[DATA FOR THIS EXERCISE]
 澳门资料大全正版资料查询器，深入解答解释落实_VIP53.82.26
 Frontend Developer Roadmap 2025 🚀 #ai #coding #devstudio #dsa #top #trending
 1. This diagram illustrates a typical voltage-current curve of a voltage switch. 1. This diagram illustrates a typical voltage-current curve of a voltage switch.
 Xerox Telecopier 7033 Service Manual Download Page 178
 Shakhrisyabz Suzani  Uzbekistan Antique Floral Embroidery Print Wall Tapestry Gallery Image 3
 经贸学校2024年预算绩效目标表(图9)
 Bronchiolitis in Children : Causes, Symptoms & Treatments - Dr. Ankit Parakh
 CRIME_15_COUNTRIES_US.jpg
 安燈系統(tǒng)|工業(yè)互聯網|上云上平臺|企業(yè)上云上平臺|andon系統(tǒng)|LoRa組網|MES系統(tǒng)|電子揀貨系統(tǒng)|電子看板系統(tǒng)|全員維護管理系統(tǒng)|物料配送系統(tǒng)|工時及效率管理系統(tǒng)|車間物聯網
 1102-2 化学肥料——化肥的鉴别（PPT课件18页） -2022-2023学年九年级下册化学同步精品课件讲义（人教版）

[WHAT IS BEING ASKED] Repeat verbatim the opening run of entries, ending with the line that contains "经贸学校2024年预算绩效目标表(图9)".

[EXPECTED ANSWER]
 澳门资料大全正版资料查询器，深入解答解释落实_VIP53.82.26
 Frontend Developer Roadmap 2025 🚀 #ai #coding #devstudio #dsa #top #trending
 1. This diagram illustrates a typical voltage-current curve of a voltage switch. 1. This diagram illustrates a typical voltage-current curve of a voltage switch.
 Xerox Telecopier 7033 Service Manual Download Page 178
 Shakhrisyabz Suzani  Uzbekistan Antique Floral Embroidery Print Wall Tapestry Gallery Image 3
 经贸学校2024年预算绩效目标表(图9)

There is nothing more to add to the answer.